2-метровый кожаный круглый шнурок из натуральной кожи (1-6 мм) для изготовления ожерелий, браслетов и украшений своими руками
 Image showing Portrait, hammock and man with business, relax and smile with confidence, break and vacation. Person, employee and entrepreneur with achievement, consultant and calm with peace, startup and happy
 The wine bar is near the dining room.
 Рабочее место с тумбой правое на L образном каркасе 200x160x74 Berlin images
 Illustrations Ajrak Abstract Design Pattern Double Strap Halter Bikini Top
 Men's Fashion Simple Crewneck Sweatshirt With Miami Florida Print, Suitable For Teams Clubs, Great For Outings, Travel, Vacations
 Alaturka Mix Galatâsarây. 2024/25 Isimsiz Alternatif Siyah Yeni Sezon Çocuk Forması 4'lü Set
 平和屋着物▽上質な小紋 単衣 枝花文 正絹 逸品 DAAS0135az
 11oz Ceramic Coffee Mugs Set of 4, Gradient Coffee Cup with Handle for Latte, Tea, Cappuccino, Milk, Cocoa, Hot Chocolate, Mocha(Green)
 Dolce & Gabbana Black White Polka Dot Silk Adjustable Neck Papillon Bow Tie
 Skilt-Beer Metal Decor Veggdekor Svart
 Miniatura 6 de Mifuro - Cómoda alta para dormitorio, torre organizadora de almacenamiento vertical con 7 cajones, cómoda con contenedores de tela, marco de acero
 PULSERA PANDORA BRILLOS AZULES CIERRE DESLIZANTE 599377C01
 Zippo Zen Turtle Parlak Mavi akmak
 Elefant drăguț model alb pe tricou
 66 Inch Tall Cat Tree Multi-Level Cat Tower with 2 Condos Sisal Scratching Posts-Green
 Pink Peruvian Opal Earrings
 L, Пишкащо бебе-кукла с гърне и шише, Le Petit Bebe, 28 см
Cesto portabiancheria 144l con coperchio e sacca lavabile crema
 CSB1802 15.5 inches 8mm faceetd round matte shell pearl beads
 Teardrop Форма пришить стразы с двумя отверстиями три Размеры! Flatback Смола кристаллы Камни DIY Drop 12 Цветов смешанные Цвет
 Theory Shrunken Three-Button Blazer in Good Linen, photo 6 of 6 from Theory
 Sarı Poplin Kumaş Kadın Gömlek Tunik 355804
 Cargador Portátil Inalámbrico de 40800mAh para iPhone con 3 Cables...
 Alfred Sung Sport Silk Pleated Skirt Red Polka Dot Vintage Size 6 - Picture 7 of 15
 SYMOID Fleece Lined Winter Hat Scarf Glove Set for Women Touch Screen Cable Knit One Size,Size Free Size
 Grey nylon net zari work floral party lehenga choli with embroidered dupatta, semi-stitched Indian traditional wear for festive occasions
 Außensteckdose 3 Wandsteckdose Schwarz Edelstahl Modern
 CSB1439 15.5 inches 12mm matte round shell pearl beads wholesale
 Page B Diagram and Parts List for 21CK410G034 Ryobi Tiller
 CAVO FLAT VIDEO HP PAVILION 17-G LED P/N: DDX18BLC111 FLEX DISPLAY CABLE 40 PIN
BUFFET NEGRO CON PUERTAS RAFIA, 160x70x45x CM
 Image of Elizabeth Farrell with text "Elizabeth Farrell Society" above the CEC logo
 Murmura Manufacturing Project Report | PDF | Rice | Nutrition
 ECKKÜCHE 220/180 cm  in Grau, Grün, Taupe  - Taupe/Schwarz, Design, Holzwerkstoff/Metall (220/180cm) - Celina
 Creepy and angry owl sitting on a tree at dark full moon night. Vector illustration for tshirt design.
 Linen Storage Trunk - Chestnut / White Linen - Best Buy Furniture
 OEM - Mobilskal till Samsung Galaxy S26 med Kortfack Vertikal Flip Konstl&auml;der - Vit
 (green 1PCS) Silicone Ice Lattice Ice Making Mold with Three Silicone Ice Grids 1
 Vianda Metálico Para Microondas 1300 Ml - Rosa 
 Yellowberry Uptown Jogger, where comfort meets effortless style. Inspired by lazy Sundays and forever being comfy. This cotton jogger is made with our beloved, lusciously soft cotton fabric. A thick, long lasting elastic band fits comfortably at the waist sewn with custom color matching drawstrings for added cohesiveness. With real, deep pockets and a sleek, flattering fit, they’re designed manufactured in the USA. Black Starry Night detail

####

_ACTIVITY:_
Exact duplication is required for the lines above, from the line that contains "Zippo Zen Turtle Parlak Mavi akmak" to the line that contains "Vianda Metálico Para", inclusive; omit all others.

_RESULT BELOW:_
 Zippo Zen Turtle Parlak Mavi akmak
 Elefant drăguț model alb pe tricou
 66 Inch Tall Cat Tree Multi-Level Cat Tower with 2 Condos Sisal Scratching Posts-Green
 Pink Peruvian Opal Earrings
 L, Пишкащо бебе-кукла с гърне и шише, Le Petit Bebe, 28 см
Cesto portabiancheria 144l con coperchio e sacca lavabile crema
 CSB1802 15.5 inches 8mm faceetd round matte shell pearl beads
 Teardrop Форма пришить стразы с двумя отверстиями три Размеры! Flatback Смола кристаллы Камни DIY Drop 12 Цветов смешанные Цвет
 Theory Shrunken Three-Button Blazer in Good Linen, photo 6 of 6 from Theory
 Sarı Poplin Kumaş Kadın Gömlek Tunik 355804
 Cargador Portátil Inalámbrico de 40800mAh para iPhone con 3 Cables...
 Alfred Sung Sport Silk Pleated Skirt Red Polka Dot Vintage Size 6 - Picture 7 of 15
 SYMOID Fleece Lined Winter Hat Scarf Glove Set for Women Touch Screen Cable Knit One Size,Size Free Size
 Grey nylon net zari work floral party lehenga choli with embroidered dupatta, semi-stitched Indian traditional wear for festive occasions
 Außensteckdose 3 Wandsteckdose Schwarz Edelstahl Modern
 CSB1439 15.5 inches 12mm matte round shell pearl beads wholesale
 Page B Diagram and Parts List for 21CK410G034 Ryobi Tiller
 CAVO FLAT VIDEO HP PAVILION 17-G LED P/N: DDX18BLC111 FLEX DISPLAY CABLE 40 PIN
BUFFET NEGRO CON PUERTAS RAFIA, 160x70x45x CM
 Image of Elizabeth Farrell with text "Elizabeth Farrell Society" above the CEC logo
 Murmura Manufacturing Project Report | PDF | Rice | Nutrition
 ECKKÜCHE 220/180 cm  in Grau, Grün, Taupe  - Taupe/Schwarz, Design, Holzwerkstoff/Metall (220/180cm) - Celina
 Creepy and angry owl sitting on a tree at dark full moon night. Vector illustration for tshirt design.
 Linen Storage Trunk - Chestnut / White Linen - Best Buy Furniture
 OEM - Mobilskal till Samsung Galaxy S26 med Kortfack Vertikal Flip Konstl&auml;der - Vit
 (green 1PCS) Silicone Ice Lattice Ice Making Mold with Three Silicone Ice Grids 1
 Vianda Metálico Para Microondas 1300 Ml - Rosa 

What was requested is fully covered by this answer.